Through the construction of Marlene, Churchill is able to represent the career-focused women of the 1980s which have lost their connection to their family in the pursuit of wealth and power. Churchill indicates that their lives are unfulfilling as despite being financially well off, they are missing the fundamental human desire for a loving family. When Marlene ask Joyce “Why can’t I visit my own family?”, she tells her not to “go on about Mum’s life when you haven’t been here to see her for how many years.” Churchill uses a questioning, entitled voice to suggest that Marlene sees herself as deserving of making amends with her family. Joyce indicating that it has been years since Marlene visited her mother represents how distanced she has become with her family. Churchill’s portrayal of Marlene as undeservingly demanding to re-enter the family dynamic after having selfishly left it in her pursuit of a prospectful career makes readers question whether Marlene’s pursuit of a high-functioning career was the right choice for her family. Joyce later admits to Marlene that she can’t fathom “how you could leave your own child”. By utilising a despondent and disgusted voice, Churchill uses Joyce’s dialogue to attack the idea of putting work over one’s children. Churchill indicates to audiences that Marlene’s choice to place precedence on her career over the wellbeing of her own daughter is a terrible decision which has lead to her estrangement from her sister Joyce. Hence, through the character of Marlene, Churchill conveys that women who are fixated on the advancement of their career have made a horrendous and morally unjustifiable sacrifice of which their family bears the burden.

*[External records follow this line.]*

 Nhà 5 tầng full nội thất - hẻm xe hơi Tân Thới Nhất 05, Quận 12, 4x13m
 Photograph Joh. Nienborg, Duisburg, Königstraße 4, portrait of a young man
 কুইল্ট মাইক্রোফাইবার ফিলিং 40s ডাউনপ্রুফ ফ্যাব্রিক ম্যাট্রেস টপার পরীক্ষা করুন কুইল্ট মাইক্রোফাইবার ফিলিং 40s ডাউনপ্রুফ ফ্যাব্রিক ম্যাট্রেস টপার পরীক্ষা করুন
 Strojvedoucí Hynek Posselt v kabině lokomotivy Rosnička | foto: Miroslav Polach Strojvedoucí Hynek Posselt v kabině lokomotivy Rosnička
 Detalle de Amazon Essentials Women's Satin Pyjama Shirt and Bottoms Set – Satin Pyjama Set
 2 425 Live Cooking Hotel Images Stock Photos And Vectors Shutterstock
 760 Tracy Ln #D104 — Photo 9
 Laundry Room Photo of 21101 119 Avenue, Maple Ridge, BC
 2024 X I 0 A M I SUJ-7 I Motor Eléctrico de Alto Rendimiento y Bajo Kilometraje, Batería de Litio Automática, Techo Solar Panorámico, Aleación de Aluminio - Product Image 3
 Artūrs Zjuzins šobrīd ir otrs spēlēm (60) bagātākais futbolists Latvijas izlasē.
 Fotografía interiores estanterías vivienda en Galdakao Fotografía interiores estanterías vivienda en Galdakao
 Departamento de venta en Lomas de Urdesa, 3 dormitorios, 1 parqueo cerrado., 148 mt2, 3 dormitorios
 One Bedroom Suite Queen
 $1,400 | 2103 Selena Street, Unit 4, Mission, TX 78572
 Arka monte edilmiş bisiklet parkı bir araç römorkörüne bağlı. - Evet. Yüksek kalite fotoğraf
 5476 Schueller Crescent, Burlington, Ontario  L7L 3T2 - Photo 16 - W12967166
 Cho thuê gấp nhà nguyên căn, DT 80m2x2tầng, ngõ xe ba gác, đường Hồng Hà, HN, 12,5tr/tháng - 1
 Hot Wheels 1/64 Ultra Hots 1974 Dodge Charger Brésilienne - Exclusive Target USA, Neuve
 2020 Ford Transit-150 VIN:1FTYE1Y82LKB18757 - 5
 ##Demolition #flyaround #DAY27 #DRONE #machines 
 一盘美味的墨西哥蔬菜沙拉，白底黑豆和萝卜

In contrast, the portrayal of Joyce works to emphasise how society is unsympathetic for women who choose to nurture and support their families, as Joyce is represented as struggling with taking care of Angie as a single mother. Joyce tells Marlene that “when Angie was six months old I did get pregnant and I lost it because I was so tired looking after your f*cking baby”. The tone of Joyce’s dialogue shifts from disappointed and absent to angry and emotional, which works to convey the physical and emotional trauma of losing her own baby during her pregnancy. Joyce is portrayed to readers as exhausted and weary after having to bear the brunt of the consequences from Marlene’s teen pregnancy. The reader understands that Joyce struggles with having to take care of Angie by herself, and thus sees how the 1980s society of individualistic greed has left Joyce behind to endure alone. Joyce points out how Marlene “couldn’t get out of here fast enough”, suggesting that she has been left to survive by herself in the lower-class suburb that is Marlene’s childhood home. The reader is directly informed that Joyce is stuck in this suburb having to raise Angie, with no possibility of social mobility. While she is free to take care of Angie by herself, she is financially disenfranchised by a society which does little to help her as a single mother. Hence, Joyce is constructed as a struggling mother who works tirelessly to continue to raise her daughter, with society having ostracized her from a stable, unburdened lifestyle.